— MATERIAL SHOWN —
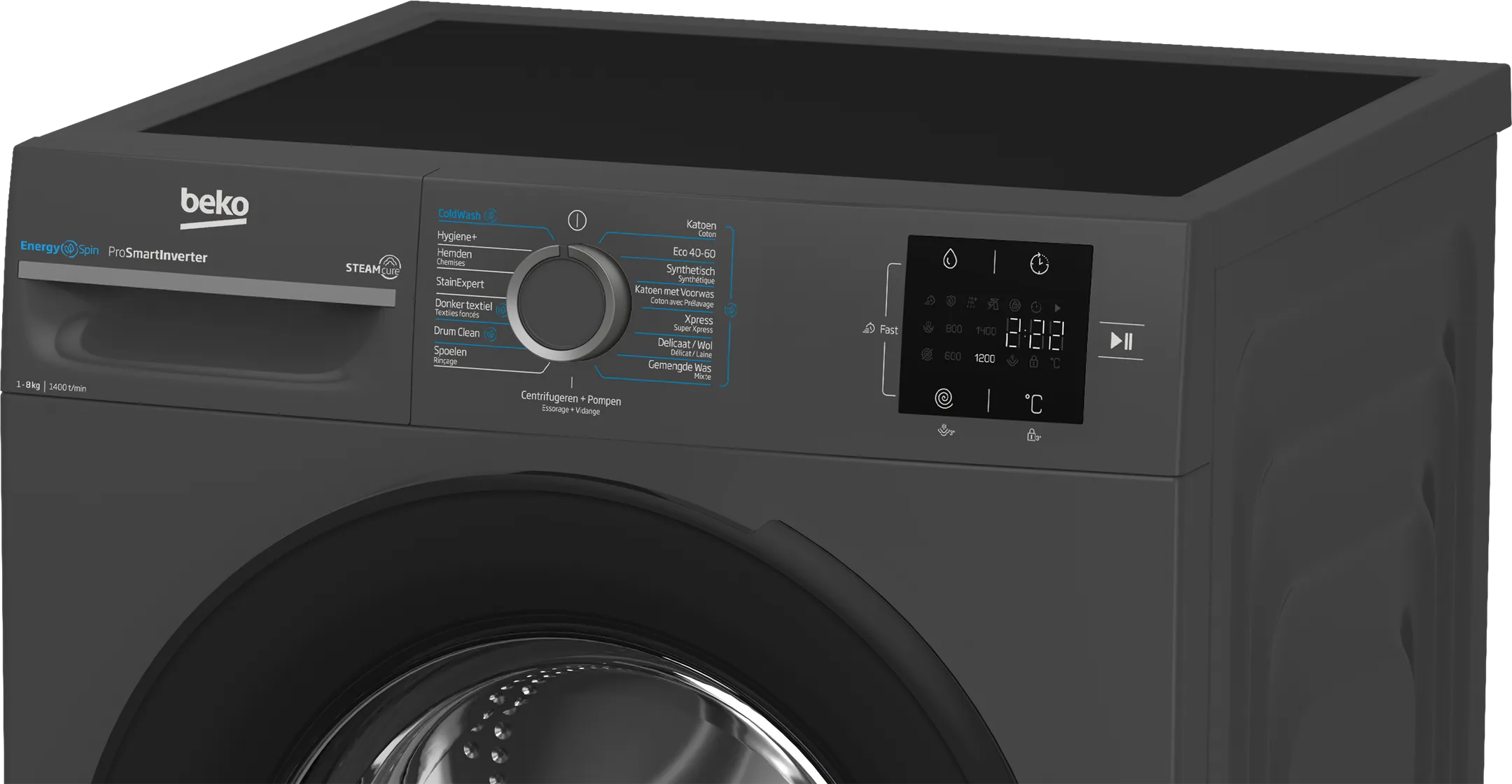 Beko Machine à laver BM3WFT3841A image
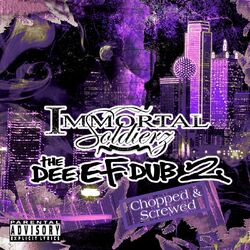 Cover of The Dee Ef Dub 2 Chopped & Screwed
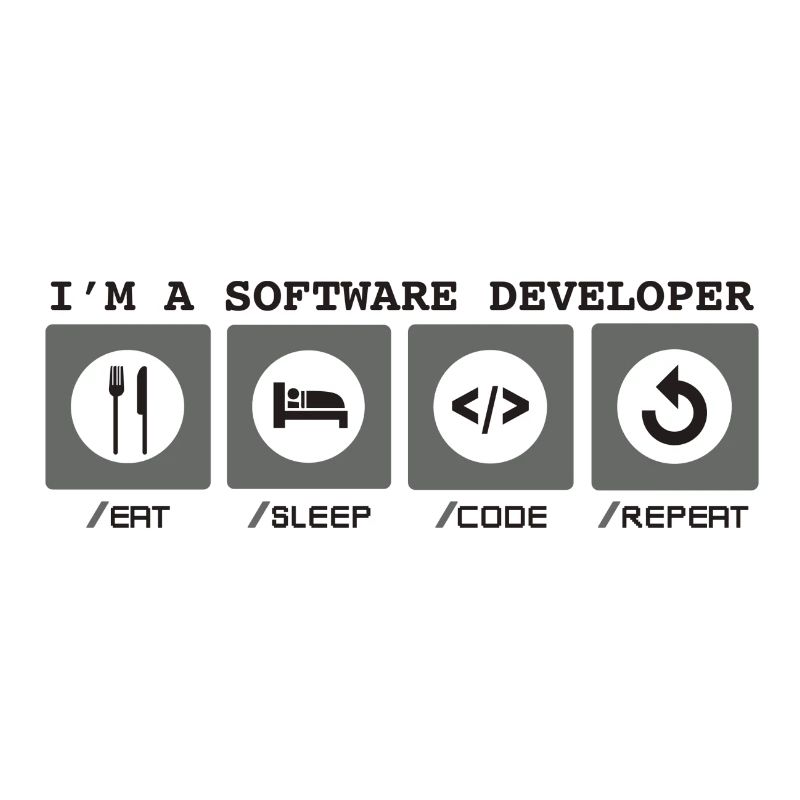 I'm a Software Developer - Softwareentwicklerin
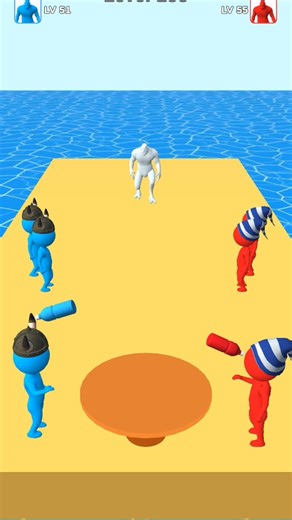 Only Legends Can Complete Level 351 😈 Bottle Challenge #trending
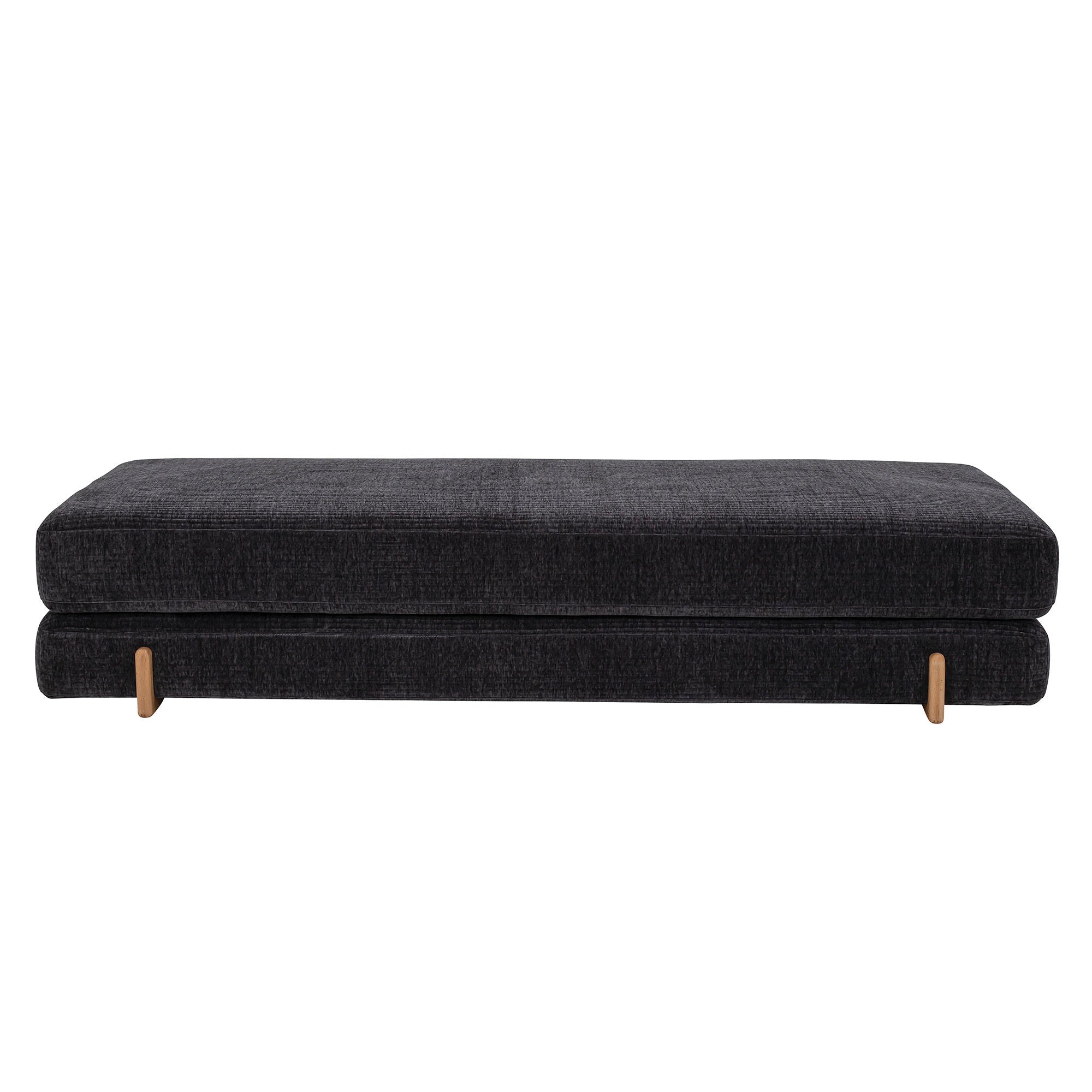 Bloomingville Groove Daybed, grijs, polyester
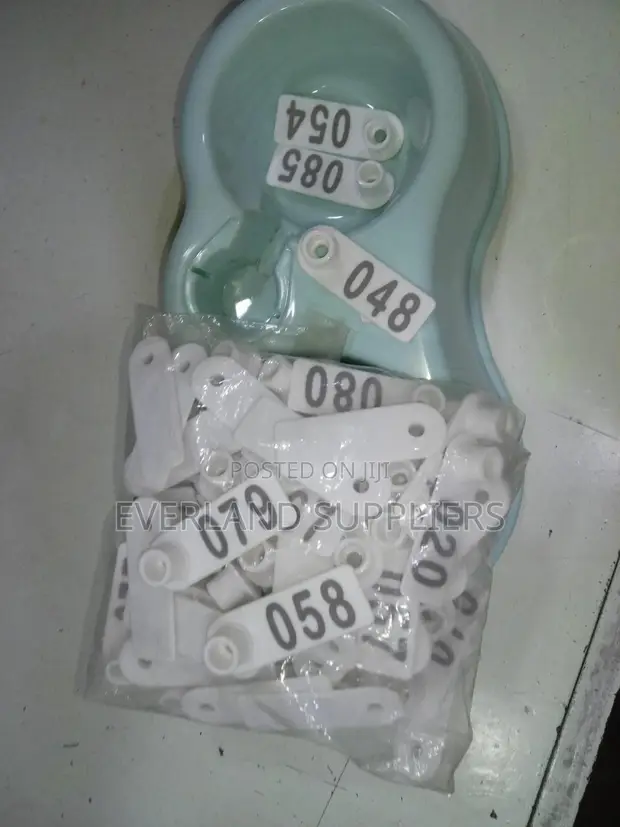 Ear Tags - Pasture Use - 1
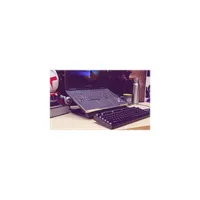 Cooler Master R9-NBS-E42K-GP Ergostand IV laptop hűtőpad 14 cm ventilátorral LED kék #5
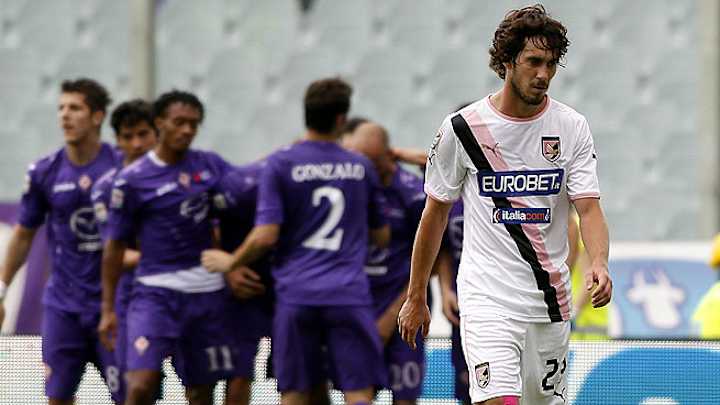 Palermo, Siena relegated from Serie A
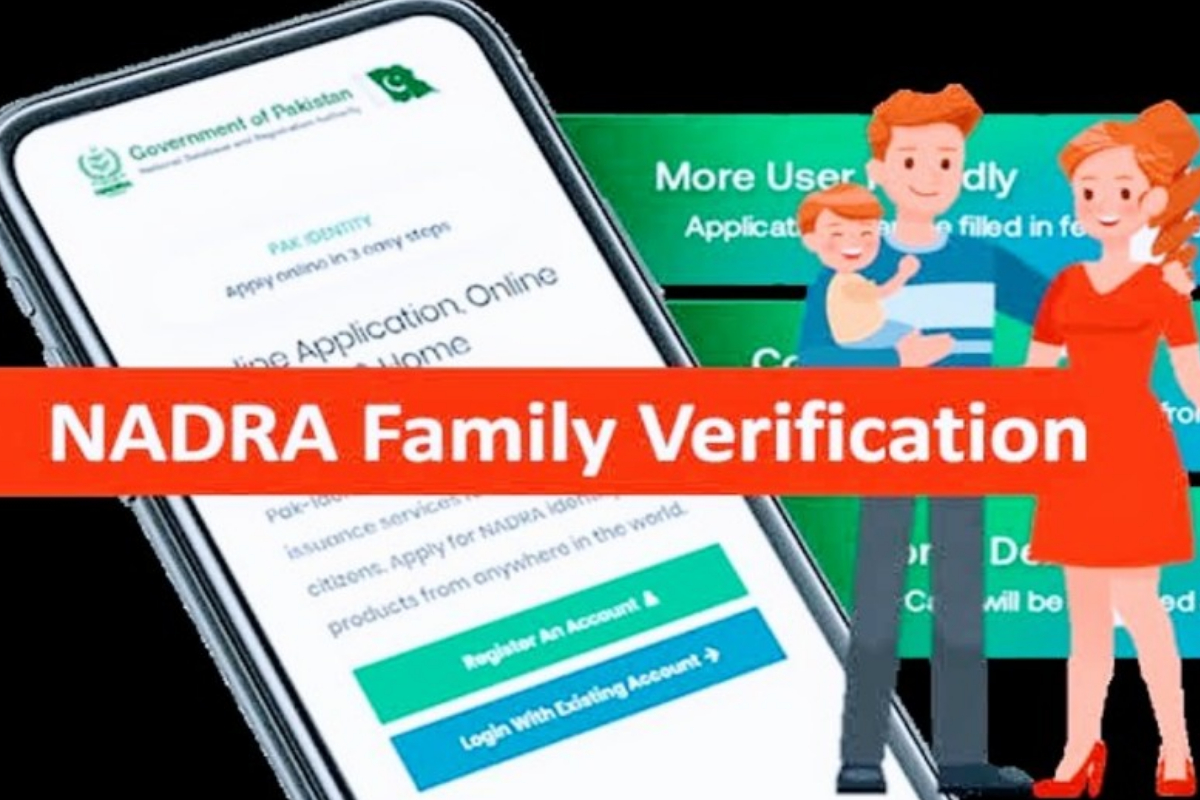 NADRA Launches Mobile-Based family tree verification system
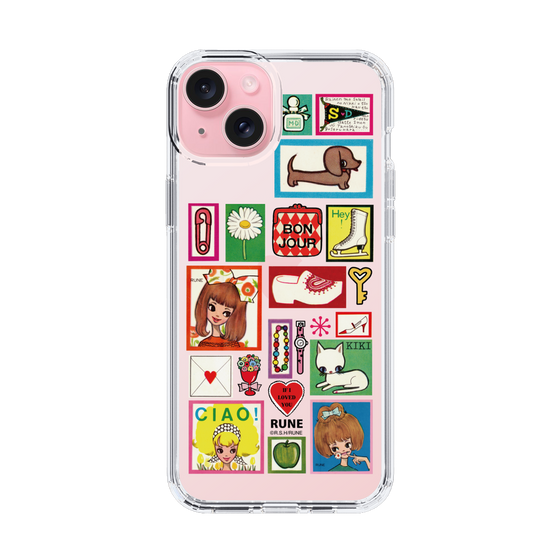 Slim Protection Case［ Rune Naito - Collage ］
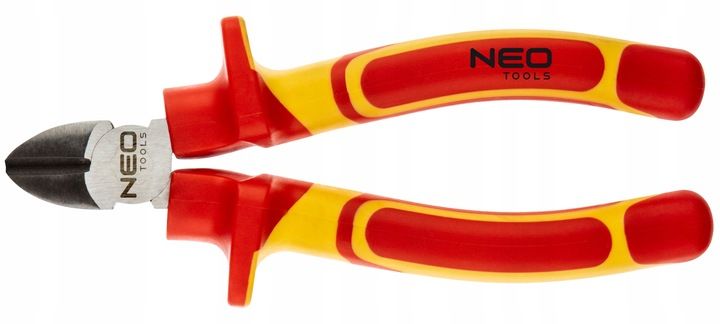 NEO TOOLS SZCZYPCE BOCZNE DLA ELEKTRYKA 160MM 1000V POLEROWANE CrV 01-226 zdjęcie 4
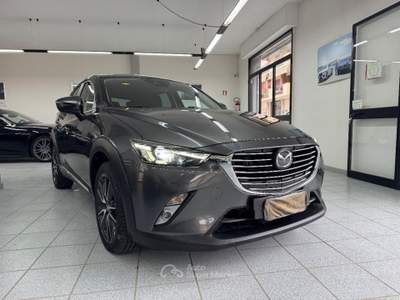 Mazda CX-3 1.5L Skyactiv-D Exceed Grigio usata Andria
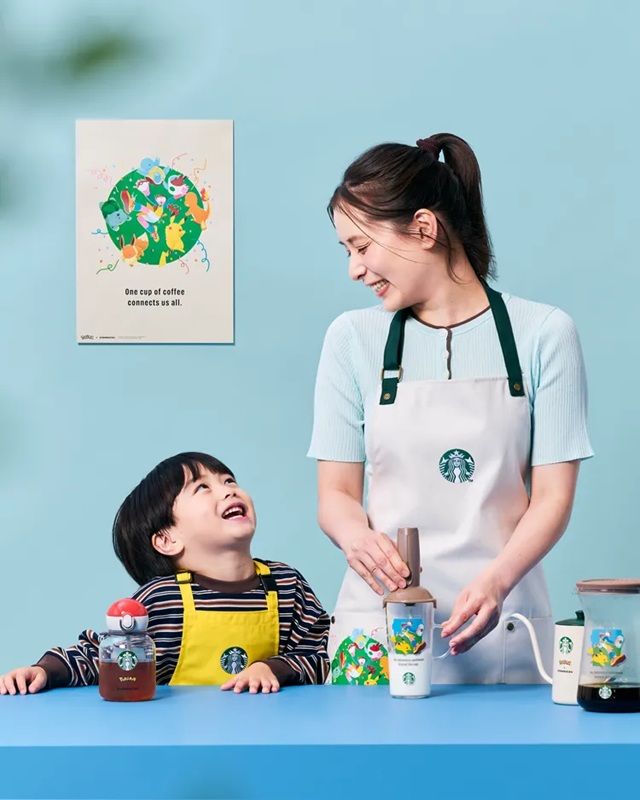 スターバックス『ポケモン』コラボ!全41のグッズと『ピカチュウ ハニークリーム ラテ』を2026年9月30日(水)より新発売!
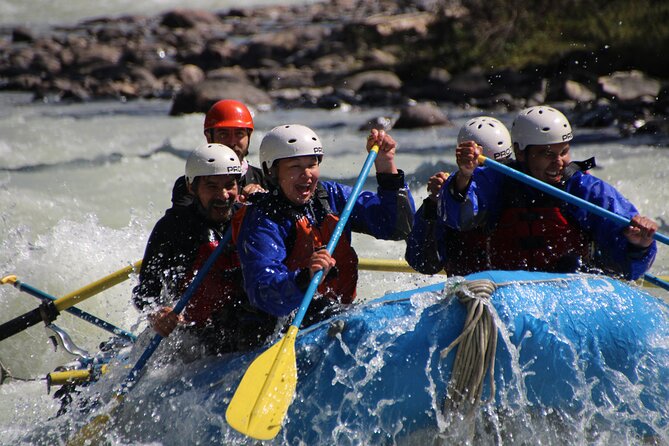 Sunwapta River Self-Drive Rafting Trip - Expectations and Requirements
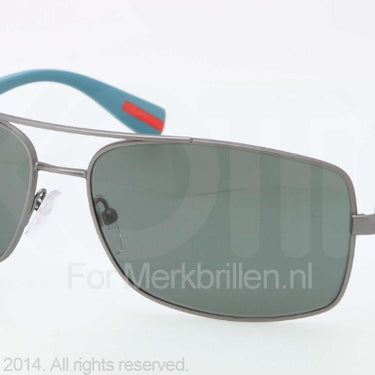 Prada Zonnebril PS 50OS Gunmetal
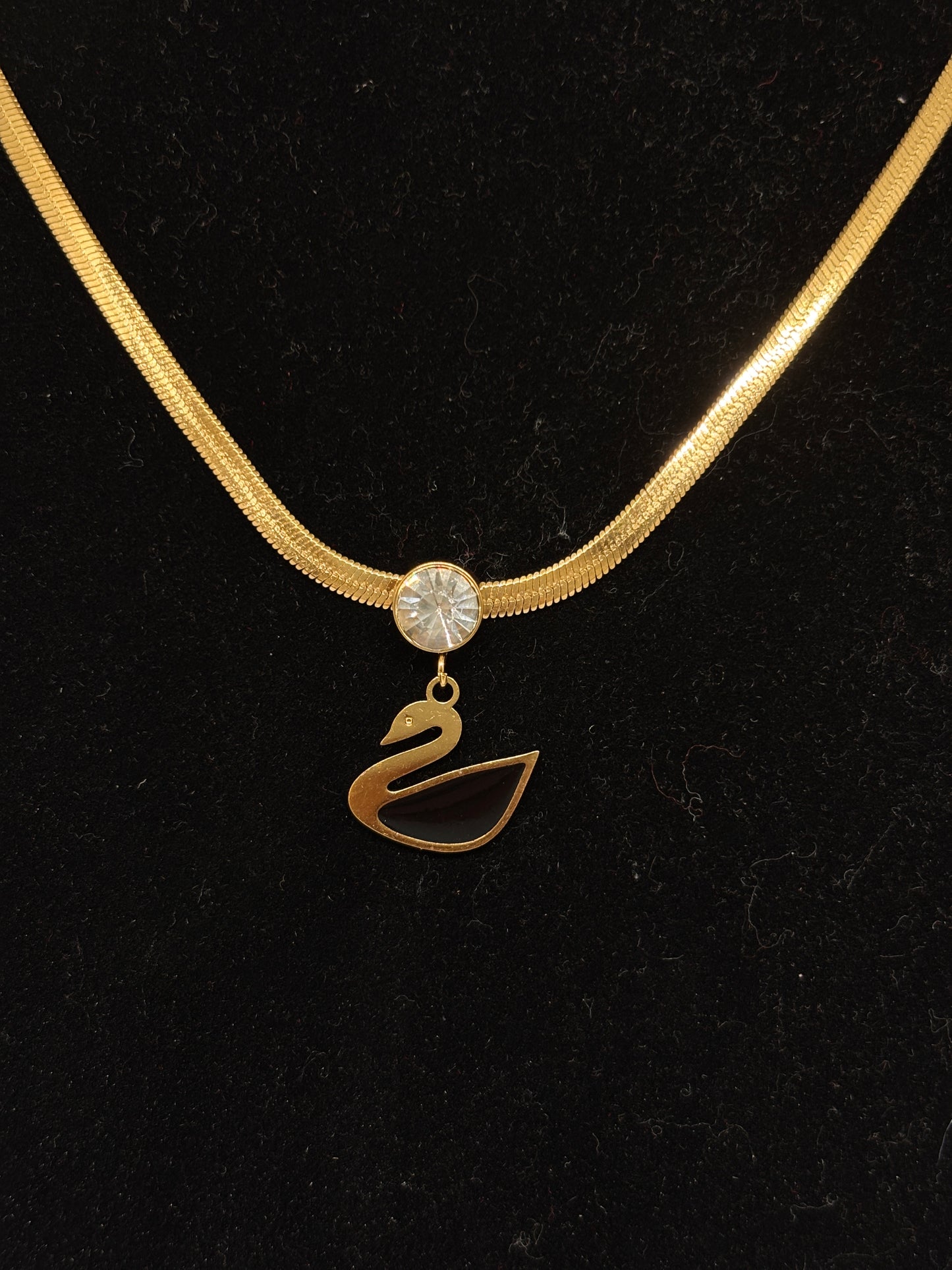 Swan Grace Pendant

— PROBLEM DETAILS —
Please reproduce, word for word, only the lines from the line that holds "Sunwapta River Self-Drive" through the final line of the entries above, omitting any pictures.

— RESULT —
 Sunwapta River Self-Drive Rafting Trip - Expectations and Requirements
 Prada Zonnebril PS 50OS Gunmetal
 Swan Grace Pendant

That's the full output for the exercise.